Unfortunately, several U.S. soldiers and commanders justified the lethal air strike, which caused so many deaths, alleging that since ISIL uses civilians to shield then the air strikes are justified because it is more important to kill terrorists.
Later on, numerous civilians fearful of reprisal expressed their concerns, and asked the authorities if there was any justification for bombing innocent civilians who are denigrated, mistreated, tortured, and raped on a regular basis by the most inhumane terrorist group on earth.
It is worth recalling that the international law prohibits the targeting and bombing of civilians. The deliberate assassination of civilians constitutes a war crime, and essentially if someone commits it, he or she is liable to face prosecution at the International Court. However, the world’s most powerful countries do not bear any legal responsibility for their crimes since they control the very organizations which investigate war crimes.
Another concerning fact is Trump’s struggle to re-establish the network of U.S. secret military prisons to torture terrorists and civilians worldwide. Several experts argue that torture programs are ineffective in fighting terrorism. Most of the prisoners who are tortured on a regular basis are likely to incriminate themselves to stop the physical and mental suffering.
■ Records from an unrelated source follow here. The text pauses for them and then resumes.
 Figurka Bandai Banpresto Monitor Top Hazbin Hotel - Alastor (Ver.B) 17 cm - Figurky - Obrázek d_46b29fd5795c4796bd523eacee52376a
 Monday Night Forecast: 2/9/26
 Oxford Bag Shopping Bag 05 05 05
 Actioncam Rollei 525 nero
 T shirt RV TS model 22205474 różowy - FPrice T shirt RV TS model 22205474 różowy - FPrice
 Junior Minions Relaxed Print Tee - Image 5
Under Bush’s presidency, the U.S. unjustly targeted and jailed thousands of innocents civilians for years. Once out of the White House, Bush acknowledged some of his mistakes, although it does not exempt him from the war crimes that he committed during his presidency.
By unjustly killing thousands of innocent civilians, Trump will never annihilate terrorism. On the contrary, it will be used for terrorists as a propaganda tool to convince and persuade citizens that the U.S. is the real enemy of the Middle East.
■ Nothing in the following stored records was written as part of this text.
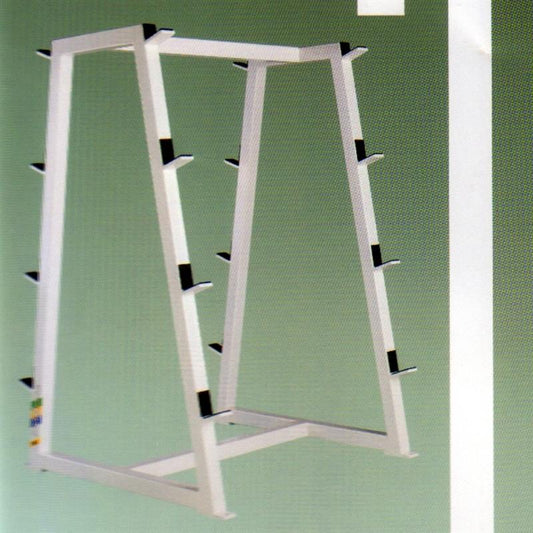 Jimsa Langhantelablage / Rack Proline, doppelseitig, NEU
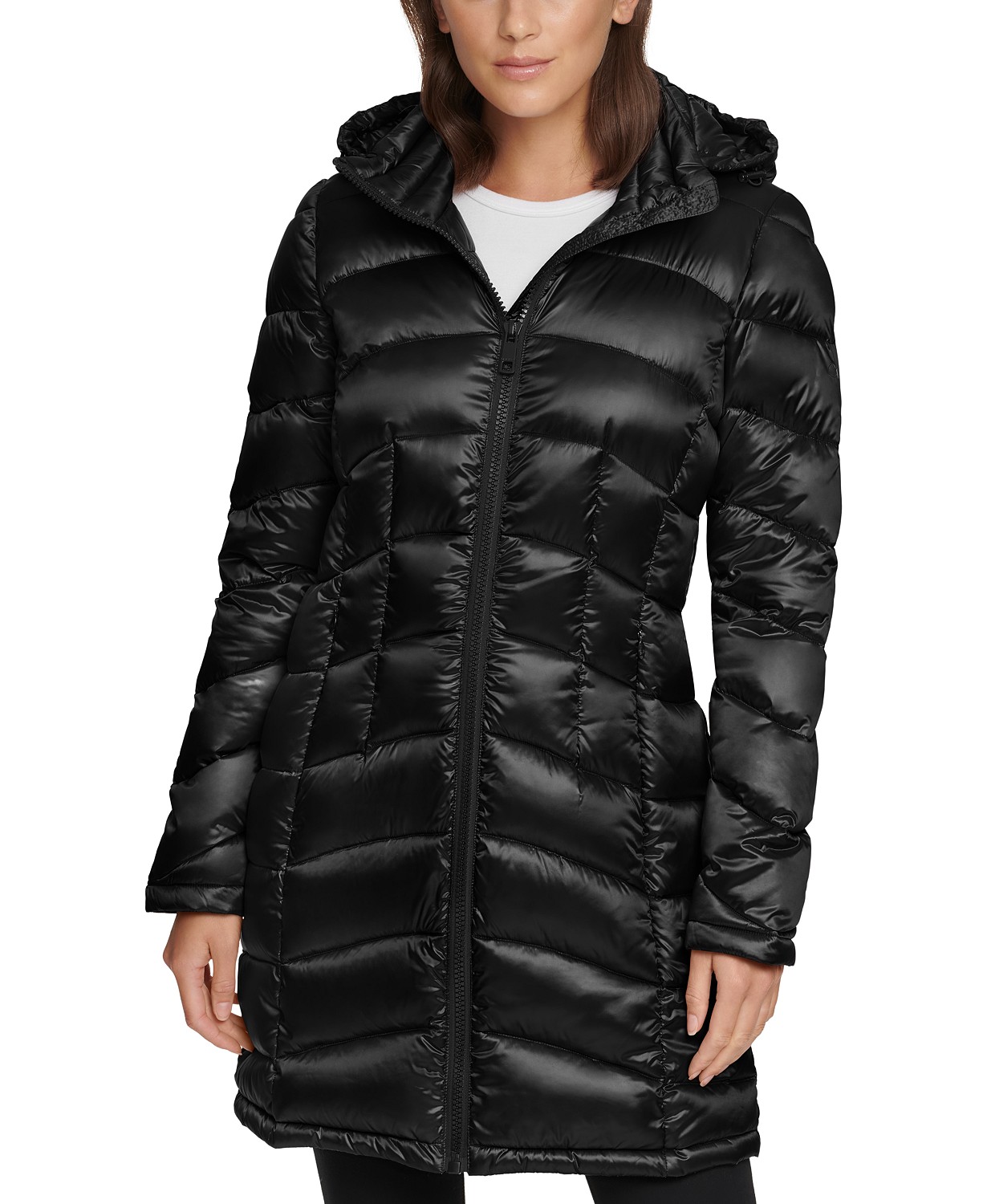 Dámská bunda Calvin Klein Packable Jacket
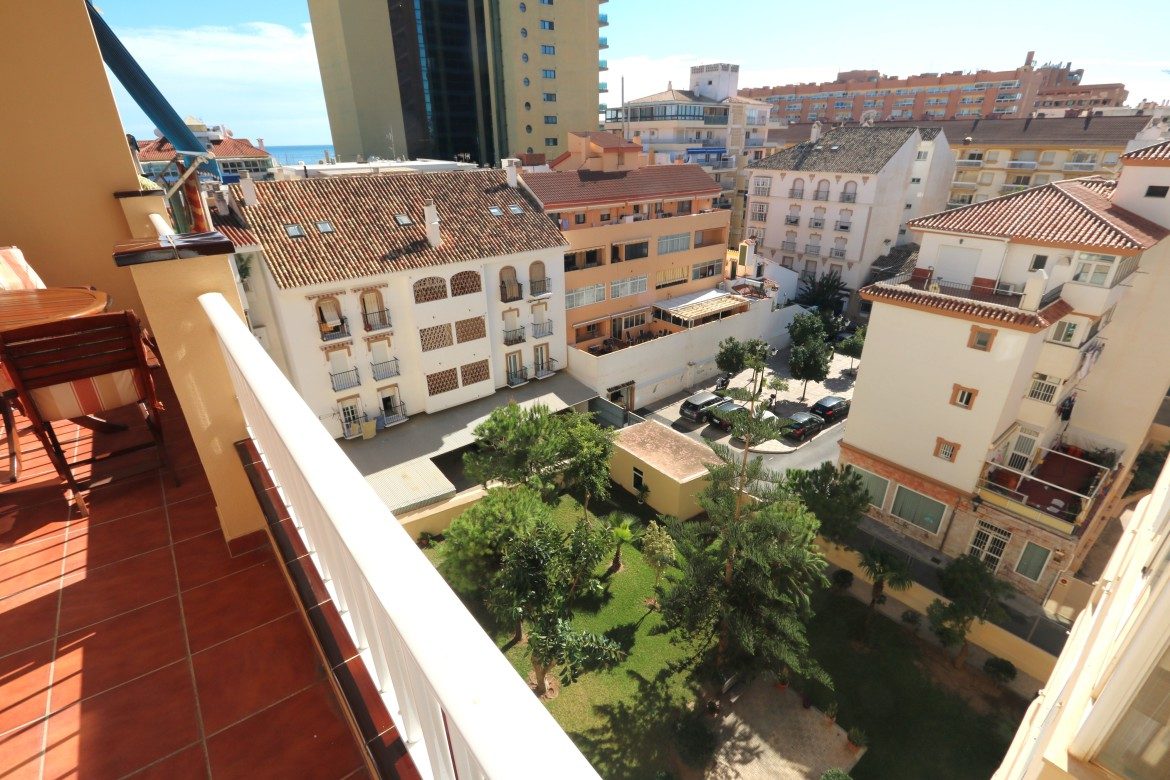 Central 1-bedroom apartment, Fuengirola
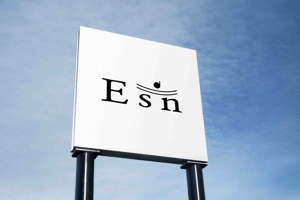 enj19 (enj19)さんの音響オペレート、パーカッション販売等の会社「Esn イーサン」のロゴへの提案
The defeat of Islamic terrorism will only come when the international community shows citizens of the Middle East that they are there to help them. However, it is unlikely to happen since Trump could have several conflicts of interest in the Middle East.
During the last presidential campaign, Trump announced that if he became President, he would then try to take control of petroleum production in the Middle East, and this fact will undermine his efforts to build trust with the citizens.
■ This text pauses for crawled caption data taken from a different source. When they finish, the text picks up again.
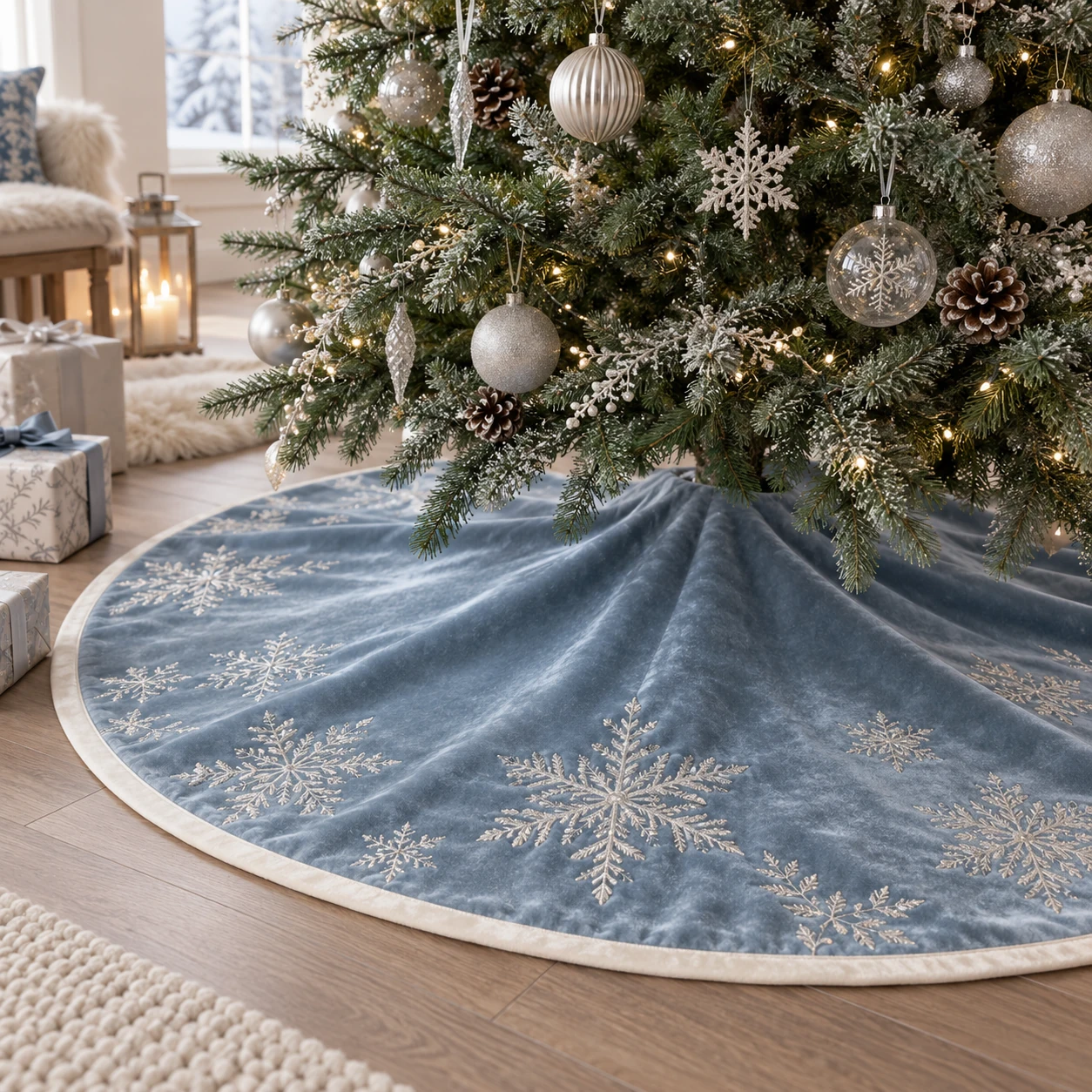 Christmas Tree Skirt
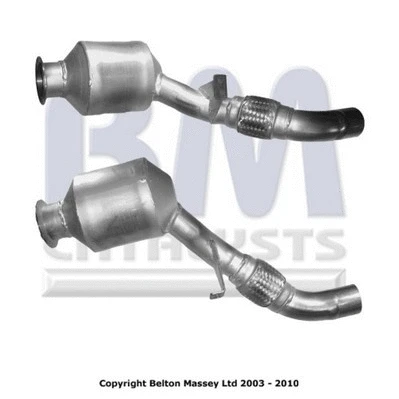 Catalyseur VEGAZ GmbH BK-972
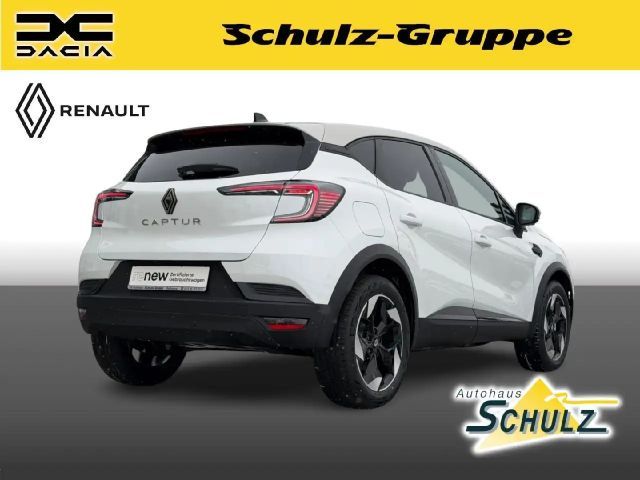 Renault Captur TCe 90 Techno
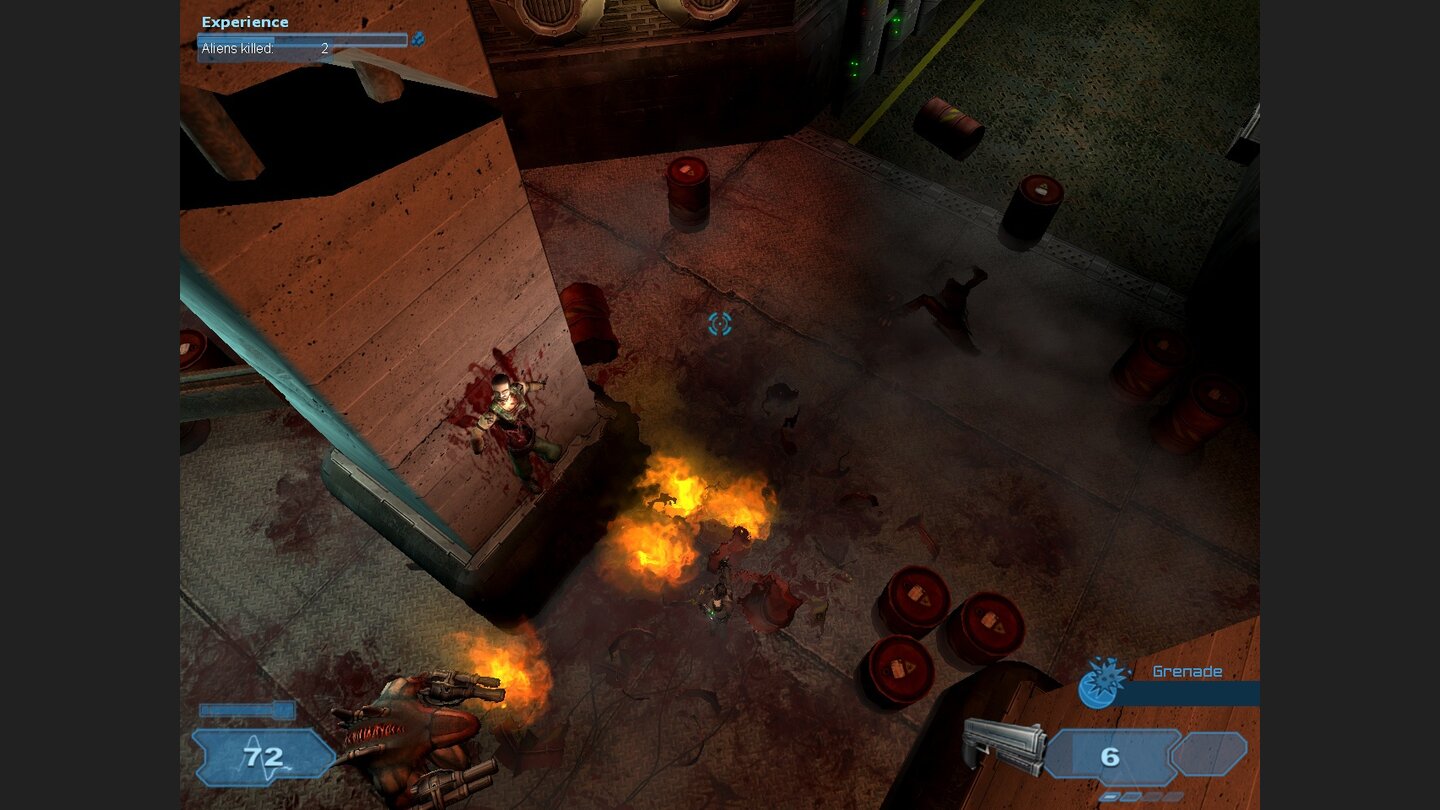 Shadowgrounds Survivor 11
While I am writing this piece, Trump is probably planning his next move in the Middle East. Or perhaps a deadly strike is being directed against defenseless civilians causing carnage in Syria or Iraq. What is certain is that the international media will be waiting for the next fatal event, and the international community, as usual, will lean on global superpowers and do nothing to stop the massacre in the Middle East.
4 thoughts on “Donald Trump: The War on Terror”
As an American, I need to read about these atrocities. Everyone does. There will be many differing views about how to respond to threats or the best ways to defend those who are suffering the most. But as a U.S. taxpayer, I need to know all I can learn about what it being done in my name. Thanks for this important perspective.
What do you think is Trump’s plan in sending grounds troops?
One of the least reported items in US media are the civilian causalities of drone strikes. The U.S. led coalition is approaching 20,000 total airstrikes launched in the Middle East and North Africa since August 2014, with at least 3,000 civilians killed. Its no wonder our image is tarnished abroad… Great piece, thanks for helping throw light on this ongoing situation.
You called it, sir. Not sure if you just saw the news.